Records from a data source
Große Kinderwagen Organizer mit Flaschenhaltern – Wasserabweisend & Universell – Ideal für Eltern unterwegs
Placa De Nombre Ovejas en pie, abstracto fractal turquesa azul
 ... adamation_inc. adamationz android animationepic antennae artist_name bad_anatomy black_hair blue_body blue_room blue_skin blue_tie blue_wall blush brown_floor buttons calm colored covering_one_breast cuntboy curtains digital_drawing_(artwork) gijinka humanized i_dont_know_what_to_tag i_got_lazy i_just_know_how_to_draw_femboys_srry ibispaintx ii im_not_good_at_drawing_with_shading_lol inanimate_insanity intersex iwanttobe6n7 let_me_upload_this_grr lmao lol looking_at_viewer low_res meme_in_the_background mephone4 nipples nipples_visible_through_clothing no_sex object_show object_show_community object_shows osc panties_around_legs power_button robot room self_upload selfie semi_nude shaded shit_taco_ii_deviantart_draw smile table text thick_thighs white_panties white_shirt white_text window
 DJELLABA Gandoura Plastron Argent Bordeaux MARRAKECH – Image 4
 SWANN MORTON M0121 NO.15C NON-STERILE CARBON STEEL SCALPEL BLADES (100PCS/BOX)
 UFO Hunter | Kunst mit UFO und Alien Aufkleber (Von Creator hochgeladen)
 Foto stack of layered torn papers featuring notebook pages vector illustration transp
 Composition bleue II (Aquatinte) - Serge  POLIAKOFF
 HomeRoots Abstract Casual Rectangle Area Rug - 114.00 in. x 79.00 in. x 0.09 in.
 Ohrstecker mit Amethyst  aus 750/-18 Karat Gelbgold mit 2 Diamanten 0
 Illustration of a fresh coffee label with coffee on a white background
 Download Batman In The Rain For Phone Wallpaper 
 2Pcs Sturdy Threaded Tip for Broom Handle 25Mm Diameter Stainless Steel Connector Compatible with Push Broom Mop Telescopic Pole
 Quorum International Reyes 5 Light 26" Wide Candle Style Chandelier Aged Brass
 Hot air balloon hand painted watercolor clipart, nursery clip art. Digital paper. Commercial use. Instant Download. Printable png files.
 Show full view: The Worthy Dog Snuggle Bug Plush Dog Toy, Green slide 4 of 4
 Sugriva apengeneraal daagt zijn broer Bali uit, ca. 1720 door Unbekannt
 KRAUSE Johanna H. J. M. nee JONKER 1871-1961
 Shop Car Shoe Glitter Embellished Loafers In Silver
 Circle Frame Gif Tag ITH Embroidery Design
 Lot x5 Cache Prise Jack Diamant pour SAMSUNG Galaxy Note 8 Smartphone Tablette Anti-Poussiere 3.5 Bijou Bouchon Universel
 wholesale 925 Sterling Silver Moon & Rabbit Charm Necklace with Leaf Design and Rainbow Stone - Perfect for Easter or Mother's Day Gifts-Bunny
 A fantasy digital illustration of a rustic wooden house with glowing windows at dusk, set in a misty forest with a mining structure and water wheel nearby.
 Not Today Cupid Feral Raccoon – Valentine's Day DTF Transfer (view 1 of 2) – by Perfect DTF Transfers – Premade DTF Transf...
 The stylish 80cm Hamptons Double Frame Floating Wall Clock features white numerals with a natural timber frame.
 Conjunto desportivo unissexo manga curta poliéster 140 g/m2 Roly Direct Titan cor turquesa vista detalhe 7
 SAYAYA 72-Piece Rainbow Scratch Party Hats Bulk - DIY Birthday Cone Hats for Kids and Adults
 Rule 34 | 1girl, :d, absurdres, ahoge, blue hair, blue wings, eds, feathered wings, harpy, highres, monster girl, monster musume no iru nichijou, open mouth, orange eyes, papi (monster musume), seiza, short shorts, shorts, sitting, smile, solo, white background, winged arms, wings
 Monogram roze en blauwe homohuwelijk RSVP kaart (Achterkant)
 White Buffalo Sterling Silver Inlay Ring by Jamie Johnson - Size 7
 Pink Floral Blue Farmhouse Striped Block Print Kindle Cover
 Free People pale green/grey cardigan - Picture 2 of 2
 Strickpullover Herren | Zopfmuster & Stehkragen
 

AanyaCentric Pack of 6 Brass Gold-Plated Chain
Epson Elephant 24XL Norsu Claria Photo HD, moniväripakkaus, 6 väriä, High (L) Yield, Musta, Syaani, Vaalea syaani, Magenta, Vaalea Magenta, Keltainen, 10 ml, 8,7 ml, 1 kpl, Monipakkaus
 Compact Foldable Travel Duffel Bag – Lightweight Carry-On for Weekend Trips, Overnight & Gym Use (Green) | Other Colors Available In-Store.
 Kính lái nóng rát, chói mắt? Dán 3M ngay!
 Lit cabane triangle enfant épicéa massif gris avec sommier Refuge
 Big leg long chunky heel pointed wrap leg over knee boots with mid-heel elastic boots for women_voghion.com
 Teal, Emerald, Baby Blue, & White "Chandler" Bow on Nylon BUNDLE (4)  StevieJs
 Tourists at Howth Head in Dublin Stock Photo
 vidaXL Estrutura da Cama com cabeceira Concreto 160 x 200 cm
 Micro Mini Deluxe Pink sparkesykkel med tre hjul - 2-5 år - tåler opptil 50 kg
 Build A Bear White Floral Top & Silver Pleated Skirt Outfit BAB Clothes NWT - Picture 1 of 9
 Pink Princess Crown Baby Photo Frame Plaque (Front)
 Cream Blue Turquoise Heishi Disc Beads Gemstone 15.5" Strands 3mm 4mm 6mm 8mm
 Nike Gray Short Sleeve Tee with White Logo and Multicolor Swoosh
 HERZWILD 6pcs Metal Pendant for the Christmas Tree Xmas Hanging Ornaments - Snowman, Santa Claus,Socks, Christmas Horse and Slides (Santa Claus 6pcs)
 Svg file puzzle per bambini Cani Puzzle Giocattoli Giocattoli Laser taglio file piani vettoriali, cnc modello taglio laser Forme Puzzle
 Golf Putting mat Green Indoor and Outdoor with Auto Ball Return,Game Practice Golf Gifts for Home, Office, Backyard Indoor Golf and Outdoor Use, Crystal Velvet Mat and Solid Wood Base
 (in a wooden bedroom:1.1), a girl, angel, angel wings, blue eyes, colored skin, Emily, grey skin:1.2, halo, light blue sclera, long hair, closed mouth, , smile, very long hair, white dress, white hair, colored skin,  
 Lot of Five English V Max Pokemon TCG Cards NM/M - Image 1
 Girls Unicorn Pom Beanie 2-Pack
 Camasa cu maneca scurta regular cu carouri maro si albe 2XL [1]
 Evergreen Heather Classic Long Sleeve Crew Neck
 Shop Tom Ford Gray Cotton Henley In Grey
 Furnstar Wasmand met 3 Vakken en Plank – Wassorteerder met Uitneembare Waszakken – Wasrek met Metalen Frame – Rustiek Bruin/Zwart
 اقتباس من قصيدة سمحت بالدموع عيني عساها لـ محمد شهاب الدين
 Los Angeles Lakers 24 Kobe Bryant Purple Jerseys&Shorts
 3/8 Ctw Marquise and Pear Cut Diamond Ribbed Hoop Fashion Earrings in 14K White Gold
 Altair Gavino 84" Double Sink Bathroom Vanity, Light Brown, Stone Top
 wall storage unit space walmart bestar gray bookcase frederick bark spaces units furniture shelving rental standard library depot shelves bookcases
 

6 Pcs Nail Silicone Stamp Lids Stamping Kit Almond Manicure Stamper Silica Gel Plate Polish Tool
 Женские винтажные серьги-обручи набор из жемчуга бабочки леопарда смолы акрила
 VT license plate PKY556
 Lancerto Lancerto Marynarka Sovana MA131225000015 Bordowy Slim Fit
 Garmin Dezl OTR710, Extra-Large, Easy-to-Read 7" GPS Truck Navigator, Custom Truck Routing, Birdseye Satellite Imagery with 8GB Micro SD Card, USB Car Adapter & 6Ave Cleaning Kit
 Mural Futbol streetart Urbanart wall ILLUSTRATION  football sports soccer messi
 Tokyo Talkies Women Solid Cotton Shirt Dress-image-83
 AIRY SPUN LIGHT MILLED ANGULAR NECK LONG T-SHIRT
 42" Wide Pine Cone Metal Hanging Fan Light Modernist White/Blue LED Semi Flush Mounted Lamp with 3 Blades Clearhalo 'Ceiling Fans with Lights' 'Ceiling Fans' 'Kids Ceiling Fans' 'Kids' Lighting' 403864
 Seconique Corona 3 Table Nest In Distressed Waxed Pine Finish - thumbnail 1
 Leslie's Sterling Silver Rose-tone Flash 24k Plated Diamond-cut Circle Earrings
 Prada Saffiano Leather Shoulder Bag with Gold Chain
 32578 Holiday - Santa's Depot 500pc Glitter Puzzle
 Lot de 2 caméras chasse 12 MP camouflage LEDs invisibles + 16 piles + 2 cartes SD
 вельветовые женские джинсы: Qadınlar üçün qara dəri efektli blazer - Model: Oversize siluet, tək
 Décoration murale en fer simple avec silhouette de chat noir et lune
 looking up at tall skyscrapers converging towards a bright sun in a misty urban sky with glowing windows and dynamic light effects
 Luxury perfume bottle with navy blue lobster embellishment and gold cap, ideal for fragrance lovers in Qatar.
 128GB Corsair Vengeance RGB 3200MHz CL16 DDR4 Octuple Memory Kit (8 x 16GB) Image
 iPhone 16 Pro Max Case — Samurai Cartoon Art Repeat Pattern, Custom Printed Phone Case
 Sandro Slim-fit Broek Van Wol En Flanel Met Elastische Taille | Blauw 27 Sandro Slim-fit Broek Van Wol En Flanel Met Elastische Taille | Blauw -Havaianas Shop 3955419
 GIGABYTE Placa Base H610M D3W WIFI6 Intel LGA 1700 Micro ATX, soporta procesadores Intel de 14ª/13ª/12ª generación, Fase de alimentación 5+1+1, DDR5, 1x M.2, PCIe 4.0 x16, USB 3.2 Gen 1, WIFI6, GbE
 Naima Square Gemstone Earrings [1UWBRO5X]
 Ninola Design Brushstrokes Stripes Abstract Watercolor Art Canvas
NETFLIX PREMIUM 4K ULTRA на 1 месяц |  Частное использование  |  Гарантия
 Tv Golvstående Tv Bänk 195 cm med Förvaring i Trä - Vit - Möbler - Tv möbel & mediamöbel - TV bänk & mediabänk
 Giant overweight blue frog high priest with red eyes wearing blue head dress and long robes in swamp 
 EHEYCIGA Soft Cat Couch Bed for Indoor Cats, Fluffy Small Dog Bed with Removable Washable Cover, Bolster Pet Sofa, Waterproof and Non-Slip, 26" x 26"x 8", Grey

### Exercise requirements:
All that belongs in the answer is an exact copy of the lines from the start of the records above through the line with "Placa De Nombre".

### Expected answer:
Große Kinderwagen Organizer mit Flaschenhaltern – Wasserabweisend & Universell – Ideal für Eltern unterwegs
Placa De Nombre Ovejas en pie, abstracto fractal turquesa azul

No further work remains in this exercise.